-- Opening Marker --

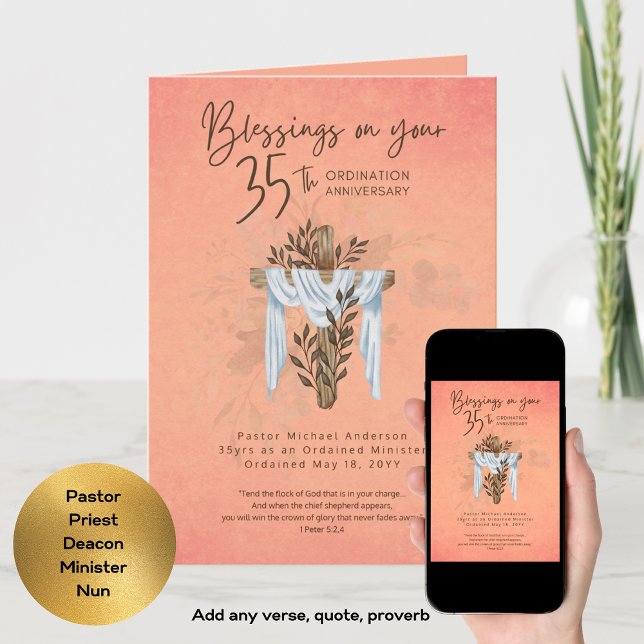 35th ORDINATION ANNIVERSARY Priest Pastor Minister Card (Creator Uploaded)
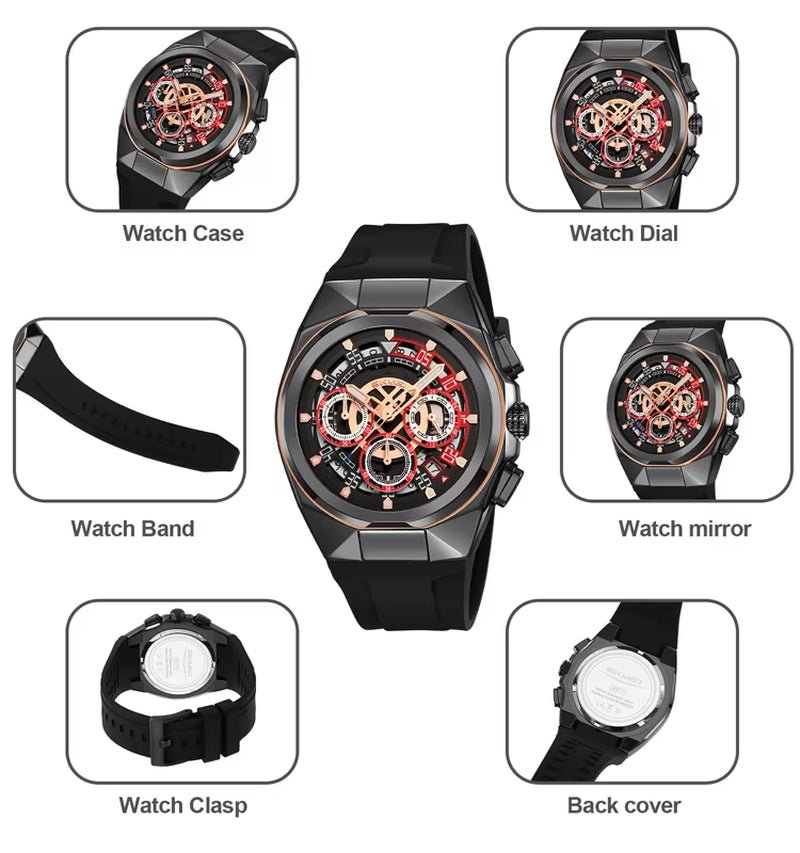 SKMEI Wholesale Luxury Silica Skeleton Analog Wrist Quartz Watch for Men Wristwatches Reloj Para Hombre - MCROONS.COM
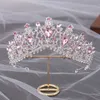 Tiaras diezi barock lyx elegant drottning prinsessa tiara krona lila rosa ab crystal tiara för kvinnor bröllop huvudbonad hår smycken z0220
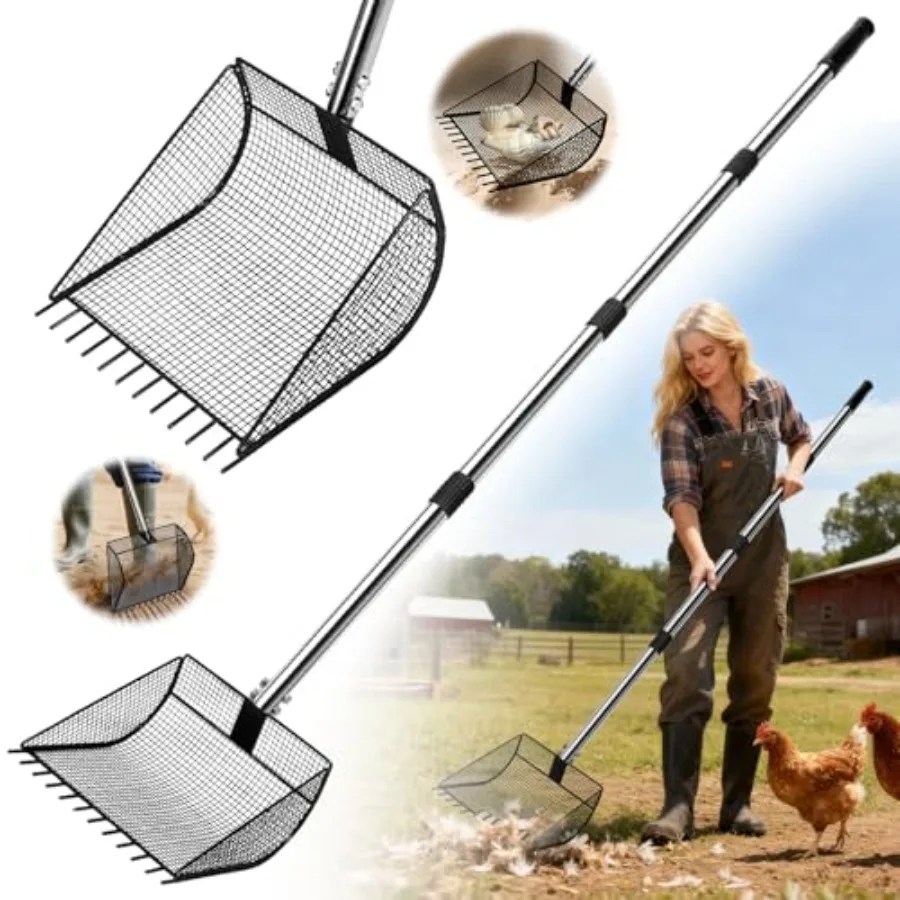 

Chicken Poop Scooper for Sand, 2-in-1 Rake and Pooper Scooper with Large Sifting Shovel, Adjustable Stainl Steel Handle 36"-62"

-- Closing Marker --

● The task:
Here the job is to print the data above exactly, except for any pictures.

● Exercise answer:
 35th ORDINATION ANNIVERSARY Priest Pastor Minister Card (Creator Uploaded)
 SKMEI Wholesale Luxury Silica Skeleton Analog Wrist Quartz Watch for Men Wristwatches Reloj Para Hombre - MCROONS.COM
 Tiaras diezi barock lyx elegant drottning prinsessa tiara krona lila rosa ab crystal tiara för kvinnor bröllop huvudbonad hår smycken z0220

Chicken Poop Scooper for Sand, 2-in-1 Rake and Pooper Scooper with Large Sifting Shovel, Adjustable Stainl Steel Handle 36"-62"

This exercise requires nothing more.